Dangggg hall county is leading with kills... Stay ouy of my honey hole lol


----------



## mudracing101

Only 3 killed in Berrien county... ha you know them rednecks aint gonna report their deers!!











Just kidding redneck Berrien county guys.


----------



## BornToHuntAndFish

PappyHoel said:


> You're joking but I like the idea.



Yes Sir, just following GA DAWG's lead joking at you, but also added a bit more to the overall discussions.  




Good quick response in correcting the Deer Harvest Results by County spreadsheet report to now allows us to see all counties in the state. 

Also as I mentioned earlier too, the Deer Harvest by WMA spreadsheet report is now corrected, which includes Private Land on the 1st line. 

Good work.  Thanks for the quick corrections.


----------



## PappyHoel

21 deer killed in Lumpkin county is disturbing.  At that rate we will be shot out before muzzle loader season.  I don't think people realize the deer population is maybe at best 15 deer per square mile.  

I don't like knowing now.  Kidding...


----------



## BornToHuntAndFish

*Georgia Deer Harvest Update - 2016 September 12th*

Here's some sample Georgia deer harvest reports & map from today after lunch . . . 



https://gamecheckresults.gooutdoorsgeorgia.com/

*Georgia Deer Harvest Results*


----------



## elfiii

Outstanding stuff Charlie. Job well done!


----------



## Mako22

PappyHoel said:


> 21 deer killed in Lumpkin county is disturbing.  At that rate we will be shot out before muzzle loader season.  I don't think people realize the deer population is maybe at best 15 deer per square mile.
> 
> I don't like knowing now.  Kidding...



You are joking but in a few weeks people on this forum will be posting the same kind of thing. This data is a horrible idea!


----------



## Throwback

PappyHoel said:


> 21 deer killed in Lumpkin county is disturbing.  At that rate we will be shot out before muzzle loader season.  I don't think people realize the deer population is maybe at best 15 deer per square mile.
> 
> I don't like knowing now.  Kidding...



15 deer per square mile times 283 square miles equals 4,245 total deer in the county.


----------



## Kris87

My GON challenge team shot a quarter of all the deer on the harvest record for Clarke county off of one farm.  In one night!!!


----------



## Bullhound

Have to use your mouse to scroll the page.



BornToHuntAndFish said:


> Looks good & helpful.
> 
> Nice map results.
> 
> For "deer harvest results by county" & selecting "All Counties", the response only shows counties starting with the letters A, B, C, D, but not the rest of them.
> 
> 
> 
> View attachment 883906


----------



## spencer12

Kris87 said:


> My GON challenge team shot a quarter of all the deer on the harvest record for Clarke county off of one farm.  In one night!!!




 Nice!


----------



## BornToHuntAndFish

Bullhound said:


> Have to use your mouse to scroll the page.

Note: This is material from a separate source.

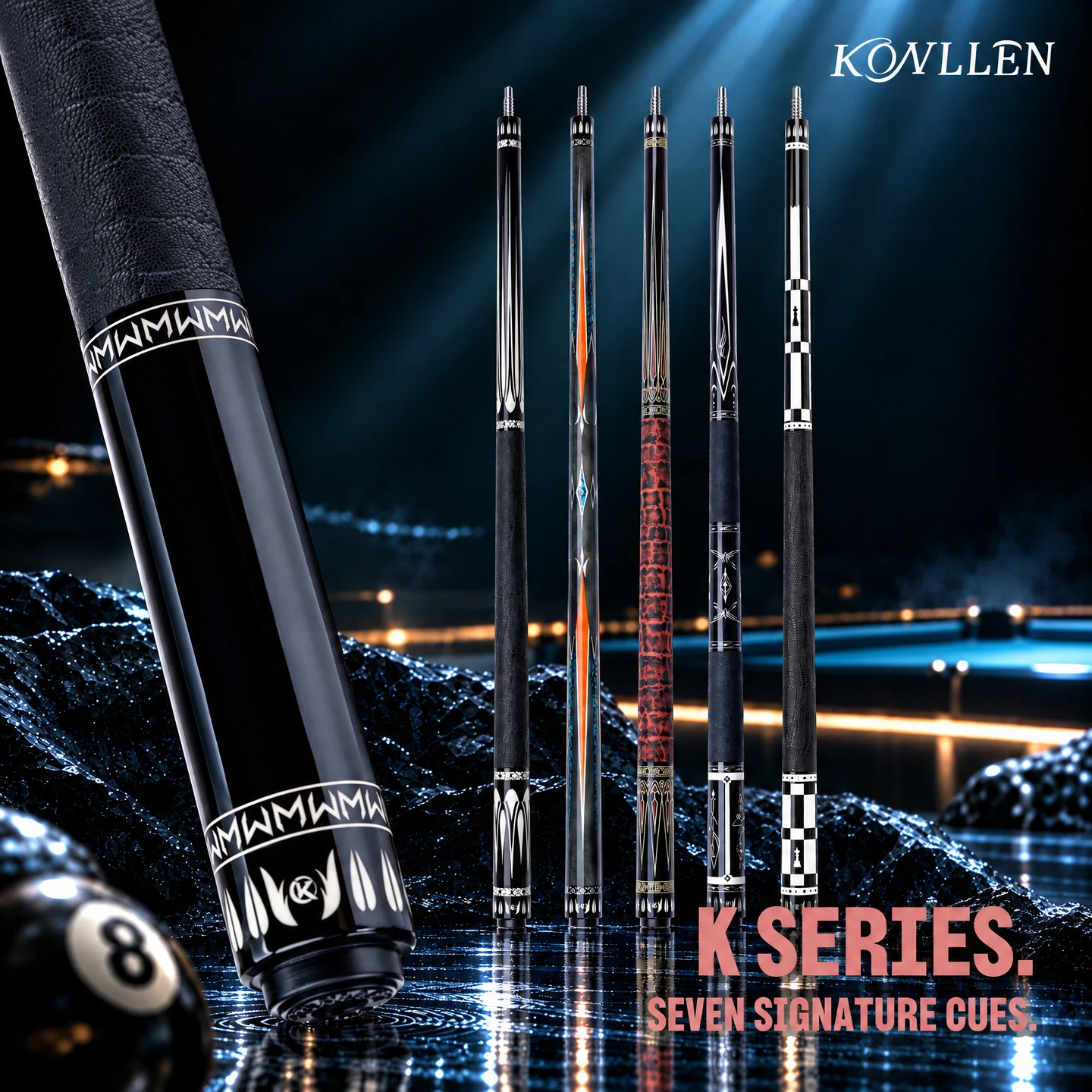 Pool Cue Carbon Fiber Shaft Low Deflection Pro Taper 11.8-12.4mm Tip 3/8x8 Joint 58in 18-20oz 7 Designs KONLLEN K Series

It's not rocket science.  

As was posted early afternoon yesterday during lunchtime, me & a few others posted experiencing the same problem after scrolling or paging down to the bottom of the alphabetized spreadsheet report at the end of the web page where it only ended in counties starting with the letter "D", but today the problem is corrected as you can see. 

Glad we have experts around here to point out the obvious.


----------



## Bullhound

Didn't see where someone already answered...I apologize.  I wasn't trying to be smart...just figured it out myself.  There isn't a scroll bar on the side of the graph and I just happened to spin my scroll wheel on my mouse and saw it moved.  Just trying to pass along info!



BornToHuntAndFish said:


> It's not rocket science.
> 
> As was posted early afternoon yesterday during lunchtime, me & a few others posted experiencing the same problem after scrolling or paging down to the bottom of the alphabetized spreadsheet report at the end of the web page where it only ended in counties starting with the letter "D", but today the problem is corrected as you can see.
> 
> Glad we have experts around here to point out the obvious.


----------



## PappyHoel

Throwback said:


> 15 deer per square mile times 283 square miles equals 4,245 total deer in the county.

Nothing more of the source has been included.